§ Dataset excerpt
*** Begin section ***
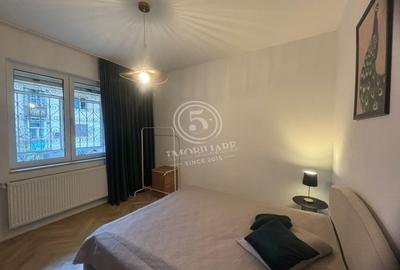Apartament cu 3 camere decomandat, mobilat în Floreasca - 10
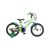 Bicicleta Copii Polar 2024 Dino 16Inch Verde PB-P162S01240
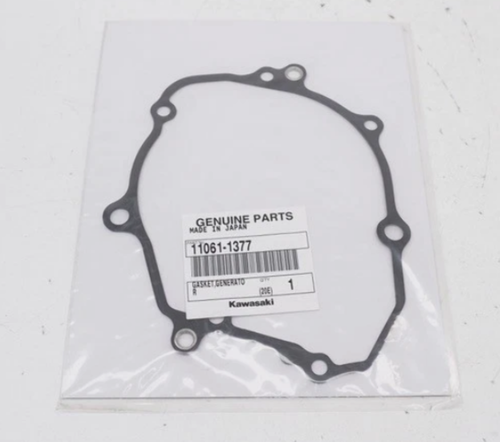 2021-2024 Kawasaki KX 250F 250 Stator Cover Gasket OEM 11061-1377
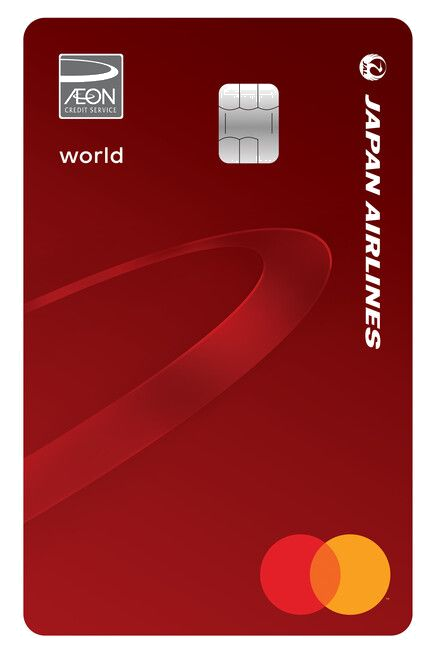 AEON Card JAL 萬事達卡（香港）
*** End section ***
§ Task statement
Only the text of the listing above should be copied, exactly and with pictures left out.

§ Output for this task
Apartament cu 3 camere decomandat, mobilat în Floreasca - 10
 Bicicleta Copii Polar 2024 Dino 16Inch Verde PB-P162S01240
 2021-2024 Kawasaki KX 250F 250 Stator Cover Gasket OEM 11061-1377
 AEON Card JAL 萬事達卡（香港）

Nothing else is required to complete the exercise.